Active Directory mistake: Moving domain controller objects into a child OU of the domain controller is unsupported
Learn about this and other classic Active Directory mistakes
View full article »
Esther Schindler
If the comments are ugly, the code is ugly
claird
SVG a graphics format for 21st century
pasmith
Take Chrome OS for a test spin
Sandra Henry-Stocker
Solaris Tip: Have Your Files Changed Since Installation?
jfruh
Android fragments vs. the iPhone monolith
mikelgan
What Gizmodo missed about the Pro WX Wireless USB disk drive
Where Google Chrome security fails: the password
I heard mention that the Chrome OS will have some sort of encryption available a la bitlocker. If it's possible to encrypt personal data using another password or key, then it may have potential for very secure data.... And Ubuntu has an 'encrypt home directory' option, perhaps google should follow suit.
- Dann
Join the conversation here
Quick, practical advice for IT pros. Made fresh daily.

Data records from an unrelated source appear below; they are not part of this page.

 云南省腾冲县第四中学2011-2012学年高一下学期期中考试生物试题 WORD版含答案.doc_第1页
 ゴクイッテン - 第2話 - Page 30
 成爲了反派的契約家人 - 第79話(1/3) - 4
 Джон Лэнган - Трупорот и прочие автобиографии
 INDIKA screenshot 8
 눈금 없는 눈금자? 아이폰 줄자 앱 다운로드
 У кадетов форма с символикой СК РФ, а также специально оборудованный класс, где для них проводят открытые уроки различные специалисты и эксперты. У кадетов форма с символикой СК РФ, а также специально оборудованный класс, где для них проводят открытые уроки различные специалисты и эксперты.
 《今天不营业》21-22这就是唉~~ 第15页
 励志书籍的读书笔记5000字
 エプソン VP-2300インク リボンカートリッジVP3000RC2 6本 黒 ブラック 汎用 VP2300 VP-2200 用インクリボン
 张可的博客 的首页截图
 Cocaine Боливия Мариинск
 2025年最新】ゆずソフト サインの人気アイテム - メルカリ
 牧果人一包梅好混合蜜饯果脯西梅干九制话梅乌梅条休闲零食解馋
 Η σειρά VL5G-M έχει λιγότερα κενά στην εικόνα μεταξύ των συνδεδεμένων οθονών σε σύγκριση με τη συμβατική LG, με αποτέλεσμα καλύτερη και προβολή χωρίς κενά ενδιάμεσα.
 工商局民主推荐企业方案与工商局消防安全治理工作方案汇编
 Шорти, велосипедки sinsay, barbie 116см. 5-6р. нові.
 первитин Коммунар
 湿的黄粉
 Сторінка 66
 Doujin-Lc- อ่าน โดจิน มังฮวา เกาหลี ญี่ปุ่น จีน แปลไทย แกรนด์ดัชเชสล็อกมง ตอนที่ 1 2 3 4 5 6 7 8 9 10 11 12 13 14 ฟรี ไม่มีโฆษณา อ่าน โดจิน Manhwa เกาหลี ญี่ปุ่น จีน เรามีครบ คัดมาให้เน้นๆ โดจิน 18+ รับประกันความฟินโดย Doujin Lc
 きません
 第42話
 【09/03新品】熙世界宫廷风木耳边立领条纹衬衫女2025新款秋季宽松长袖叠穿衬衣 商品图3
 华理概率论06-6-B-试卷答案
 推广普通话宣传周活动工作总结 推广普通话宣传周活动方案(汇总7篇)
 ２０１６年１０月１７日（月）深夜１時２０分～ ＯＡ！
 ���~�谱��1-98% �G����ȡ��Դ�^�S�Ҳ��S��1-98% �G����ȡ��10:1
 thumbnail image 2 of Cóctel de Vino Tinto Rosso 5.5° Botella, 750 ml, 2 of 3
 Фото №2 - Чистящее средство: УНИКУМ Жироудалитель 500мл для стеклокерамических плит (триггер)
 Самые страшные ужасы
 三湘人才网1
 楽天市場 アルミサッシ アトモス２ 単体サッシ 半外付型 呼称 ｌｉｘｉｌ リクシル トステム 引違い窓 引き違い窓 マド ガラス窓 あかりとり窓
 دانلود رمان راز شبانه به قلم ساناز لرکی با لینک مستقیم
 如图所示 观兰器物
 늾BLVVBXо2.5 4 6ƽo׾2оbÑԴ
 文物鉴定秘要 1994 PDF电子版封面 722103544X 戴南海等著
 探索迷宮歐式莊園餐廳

Want to cash in on your IT savvy? Send your tip to tips@itworld.com. If we post it, we'll send you a $25 Amazon e-gift card.
Hello there. First of all
Hello there.First of all thanks for your article, it is very good and clear. I, however, have a good reason for putting the domain controllers inside child OUs, and I have done so and incurred into problems, so I had to move them back to the default Domain Controllers OU.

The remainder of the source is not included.